In the last three months the FTSE 100 has fallen by over 7%. That’s a hugely disappointing performance that has wiped out all of the gains made during the 2017 calendar year. And with the index recently moving below the psychological 7,000 level, investor sentiment doesn’t seem to be picking up.
Of course, whenever there is a fall in share prices it can present a buying opportunity. The aim for all investors is to buy shares when they’re low and sell when they’re much higher. However, for any stock to trade at a low level, there must be a reason. Without risks or negative news flow, all stocks would be likely to trade at high levels all of the time.
The current scenario facing the stock market is an uncertain future in a number of areas. Inflation continues to be a potential difficulty as the world economy moves from a decade-long deflationary period to one which could be characterised by faster price rises.
There are also concerns surrounding the response of policymakers to the threat of inflation, with interest rate rises having the potential to cool inflation. At the same time though, they could hurt economic growth prospects. And with progress seemingly being made on Brexit talks, a stronger pound could hurt the FTSE 100’s performance over the coming months.
While there are risks facing investors at the present time, the current situation is no different than any other period in that respect. Therefore, utilising investment principles which have been successful in the past could be a sound means of generating relatively strong returns over the long run.
For example, a number of large-caps now offer wide margins of safety. In the tobacco, utility and healthcare sectors there are high yields, low price-to-earnings (P/E) ratios and businesses with strong growth outlooks. They all face uncertain futures and come with various risks But buying them while they’re trading at a low ebb could lead to high returns.
Similarly, the banking sector could offer investment opportunities. With interest rates set to rise, the potential for improved profitability could be high. Yet many of the challenger banks and larger stocks in the sector offer low valuations. And while Brexit is contributing to a squeeze on consumer disposable incomes in real terms, retail stocks with sound balance sheets and innovative strategies could offer high, albeit volatile, returns in the long run.

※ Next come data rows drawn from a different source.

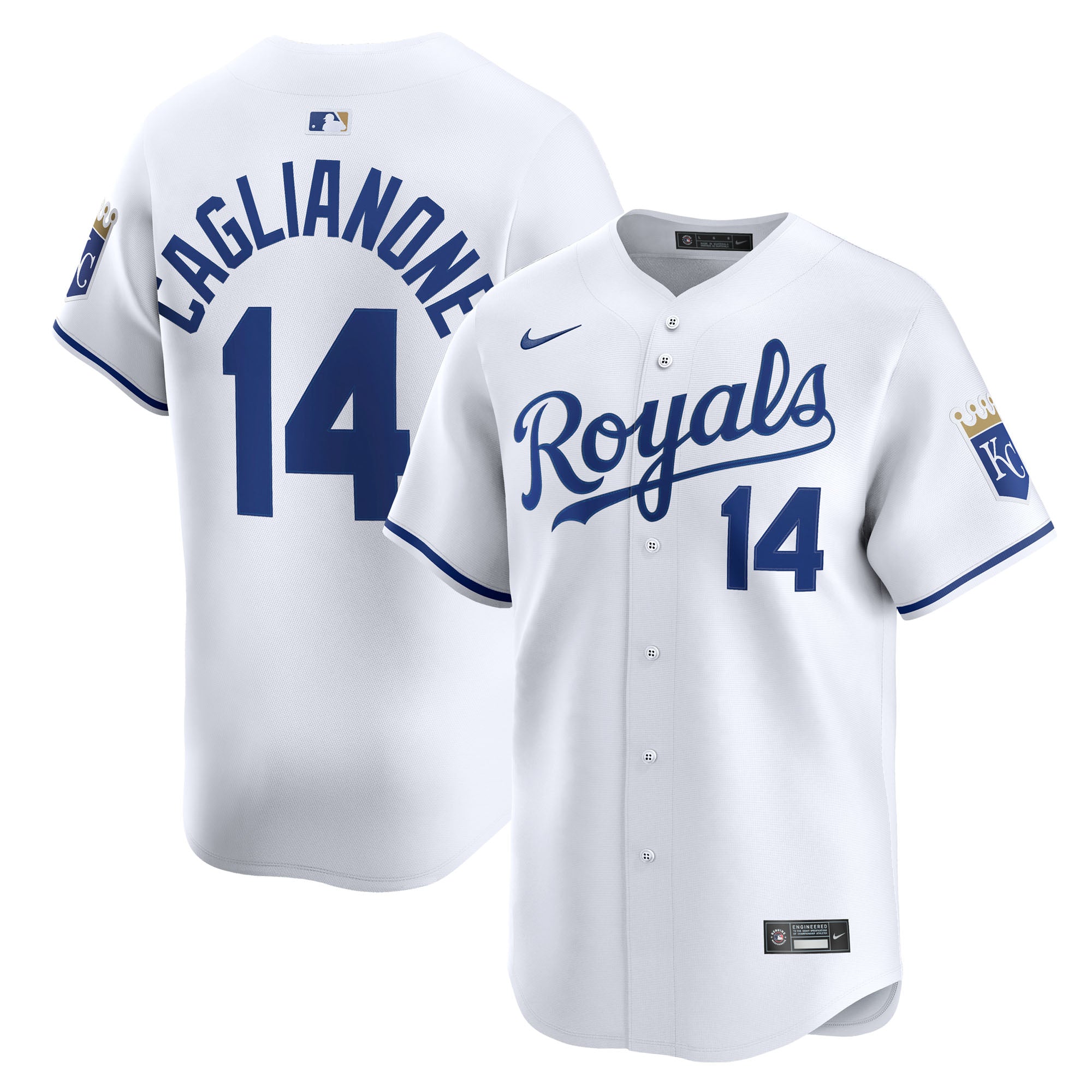 Men's Nike Jac Caglianone White Kansas City Royals Home Limited Player Jersey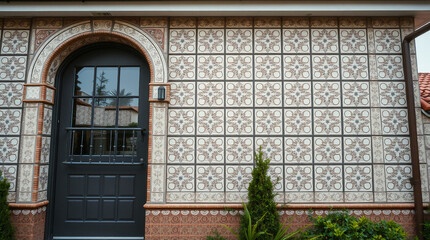A dark-colored arched door is set within a tiled wall. The wall features a repeating off-white and beige floral tile pattern with dark accents.  Small plants are visible at the base of the wall.
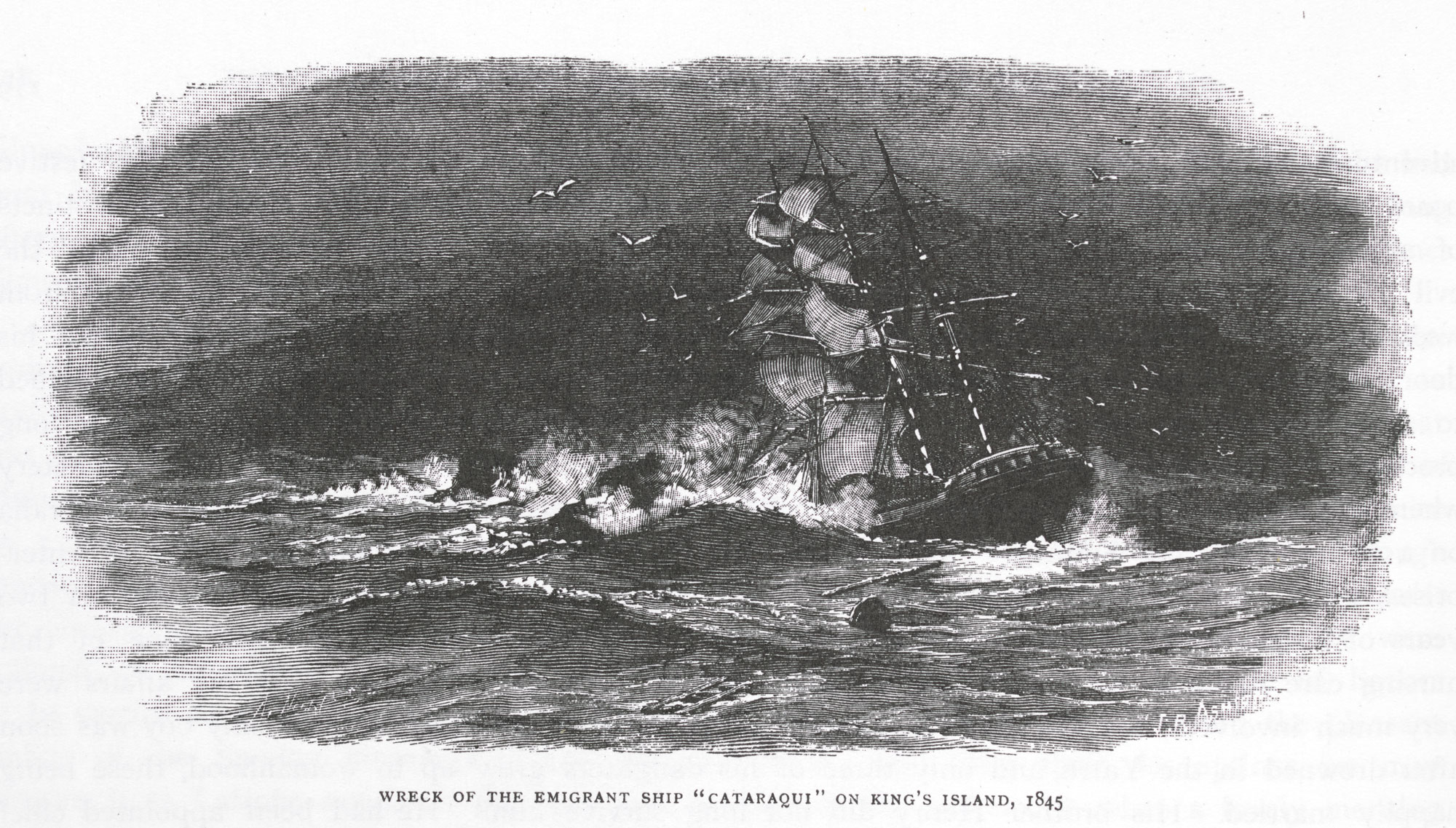Wreck of the emigrant ship Cataraqui on King’s Island, 1845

At the present time, there doesn’t seem to be a ‘magic bullet’ which will ensure high returns for an investor. However, by focusing on valuations, financial strength, dividends and growth potential, it’s possible to generate high returns in the long run. The recent decline in share prices may continue over the course of the year. Therefore, buying opportunities could be plentiful for investors who are happy to take a long-term approach.